CORTANA
Stock 3.2. Enough power to pull the skin off a rice pudding. Just.
CORTANA
OK, so here's the problem, and the solution.
The Bear has reassembled his 3XXbhp race engine, but how do you run in a race engine in a race car? You can't. You wait til a test day, or pay money for a dyno.
Well, here at Kutuka North we say duck fat. There is a clear place to run in an engine.
So a perfectly functional and tidy road car drives into the garage, and we take it to pieces...
The car comes in on Sunday morning, and we peer at it for a bit. We don't do road cars, usually. Racing Jags, sure. Roadgoing MGBs, yes, even humble Rover 200s, but roadgoing Jags, nah. There are wires everywhere, and they used star drive button head bolts all over the shop. Everything is fastened to everything, everywhere.
It's what we're calling over-engineering. There are bolts to hold single wires that are rated to carry 2 tonnes, and long enough that they may also hold on the rear bumper. Someone at Jaguar needed to learn about tie-wraps.
So it takes a while to yank the engine, because we do intend to put this car back as it was. Good practice though, we might one day get back to road cars.
All told it takes us about 6 hours to pull the engine and box, but a lot of it is learning how it all comes apart, interior, gearbox mounts etc, all new stuff to we humble Yorkshiremen. Removing the exhaust manifolds is simpler because the joint is rusted up, and nothing wants to move, better to take it off and twist it free afterwards.
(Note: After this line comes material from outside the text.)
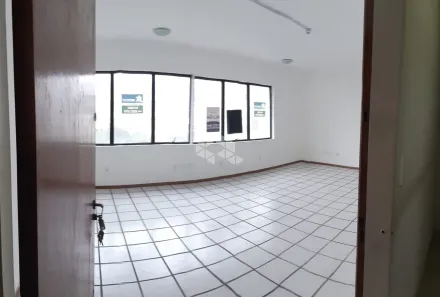 Sala Comercial à venda, 37m² no Nossa Senhora de Fátima, Santa Maria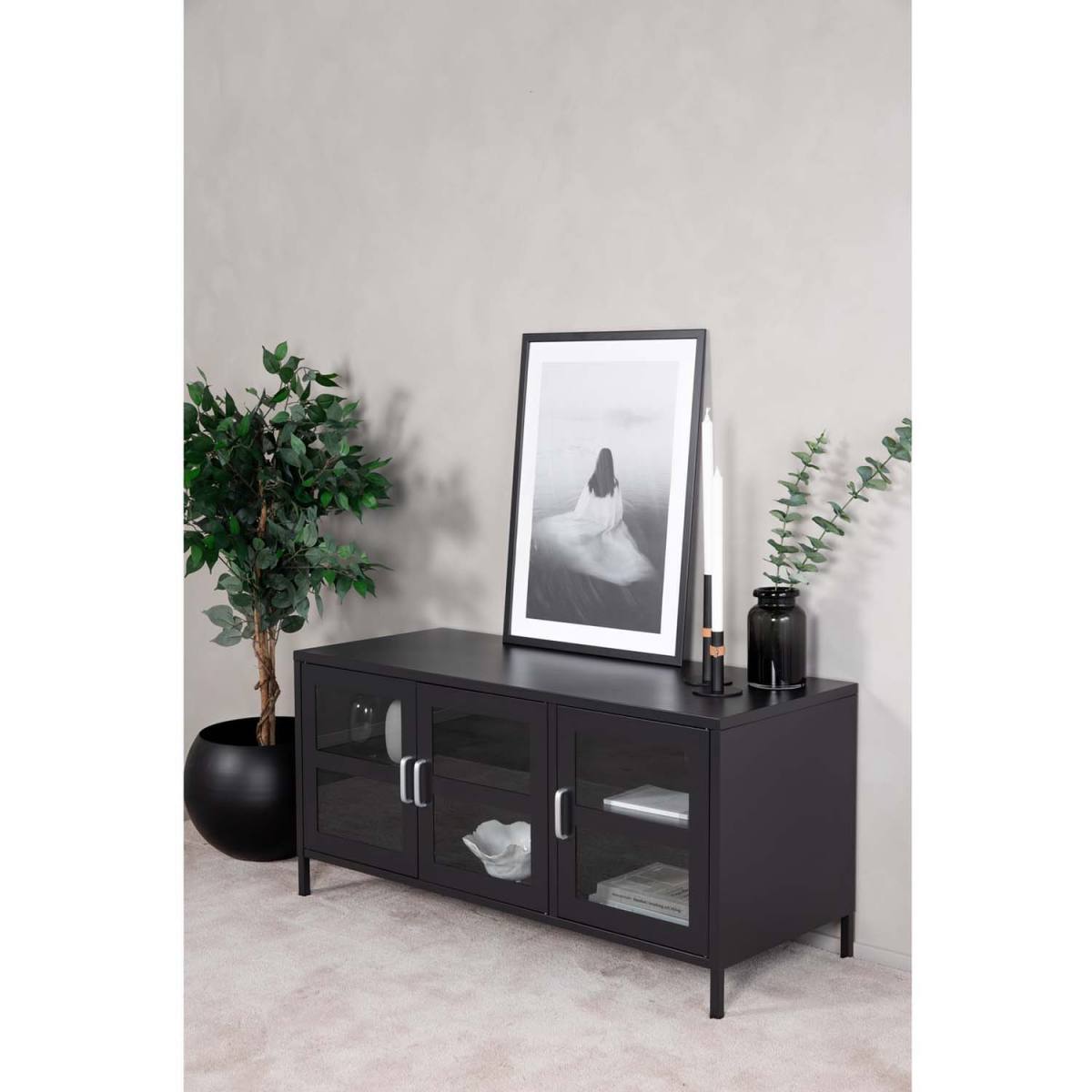 VENTURE DESIGN Acero TV-bord/skænk, m. 3 låger og 2 hylder, produktbillede 5 af 9, TV-borde hos HomeNordic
The car is right on the cusp between solid and smart runabout and completely dead. Pipes and hoses that are just about to die, corrosion on steel pipework and alloy housings, jubilee clips that are stripped, exhaust clamps that shear under the force of a lusty application of ratchet, the whole car is probably saved from major failure by this unscheduled attention.
Whilst we're here, we'll shed that stupid dual-mass flywheel. Why. Just why?
Despite the complications, some bits are easier than predicted. The engine comes out at such a steep angle that we don't even need to remove the gearlever. And the prop stays attached. Valuable time saved.
We attach the X300 inlet and electrics, sensors etc to the XJS race engine, and other than a clutch issue, by Saturday evening we're ready to install.
Reinstallation is easier now we know where everything goes. At 5pm Monday we split the box and flywheel, fit it to the new engine, and plug it in. At 10.30 the car is done, every bit reattached as Jaguar intended, running, and apparently serviceable.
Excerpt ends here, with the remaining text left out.